■ **YOUR GOAL**
Before copying, set the pictures aside; then repeat every line below verbatim.

■ **DATA BELOW**
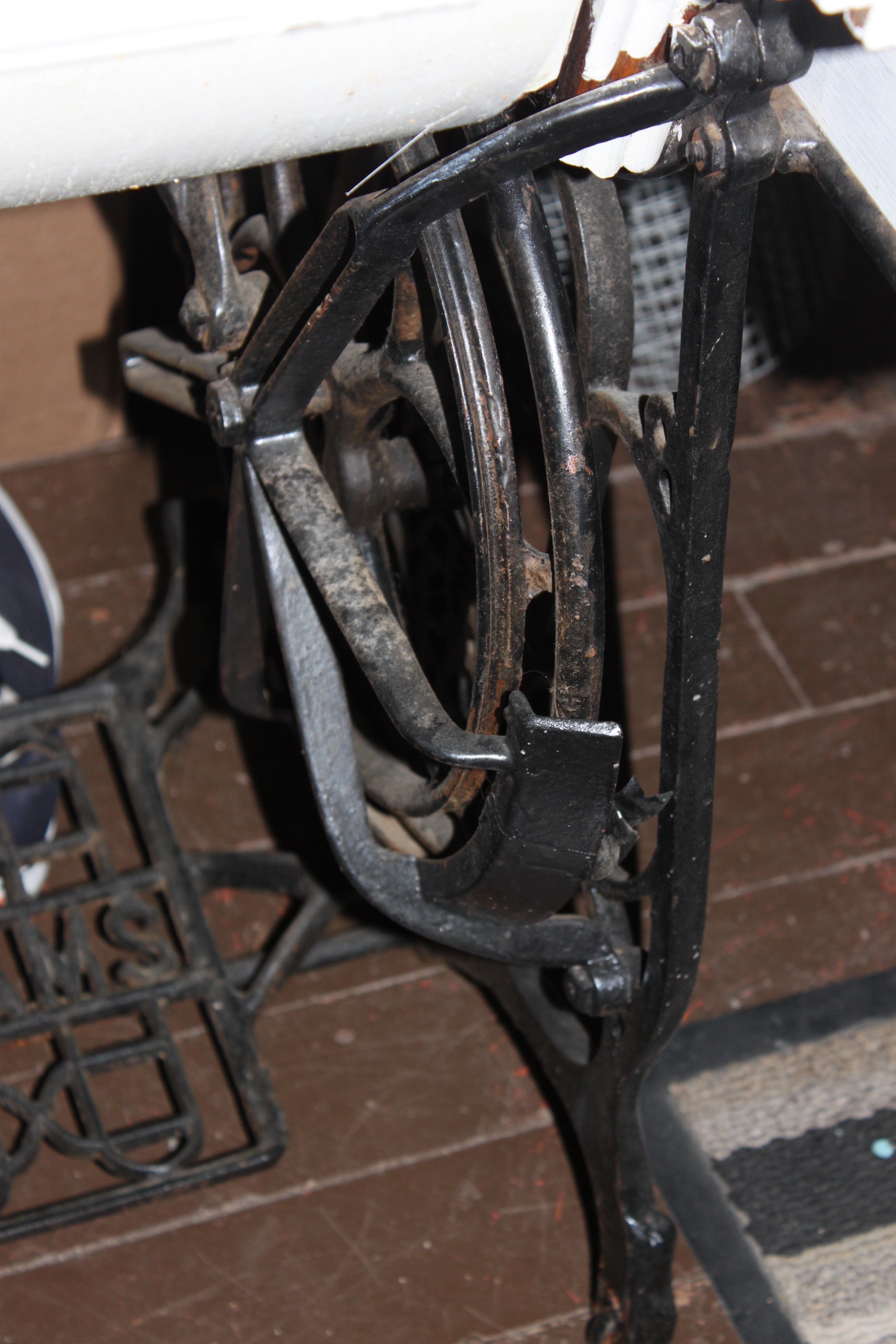 Old Rusty Vintage Sewing Maching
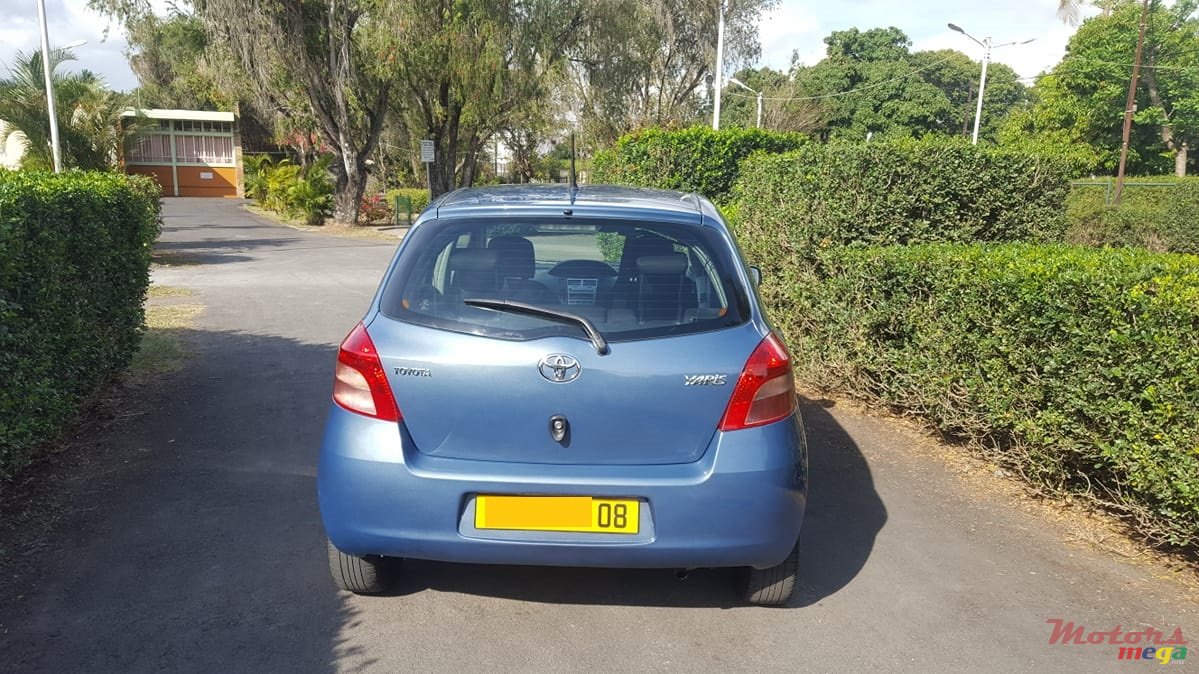 2008' Toyota Vitz photo #2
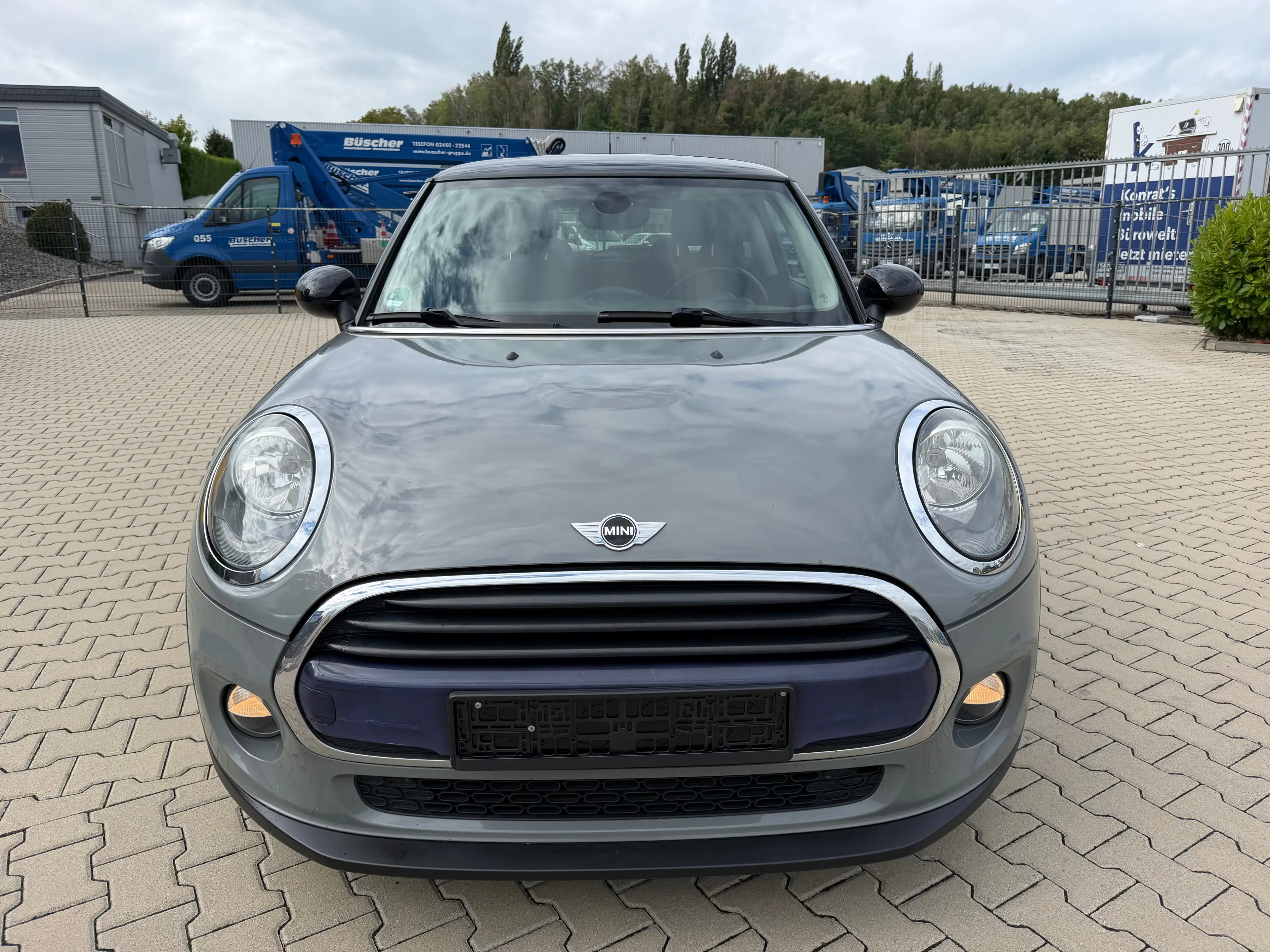 MINI Cooper D Cooper D  Automatik Euro 6 — photo 2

■ **ANSWER**
 Old Rusty Vintage Sewing Maching
 2008' Toyota Vitz photo #2
 MINI Cooper D Cooper D  Automatik Euro 6 — photo 2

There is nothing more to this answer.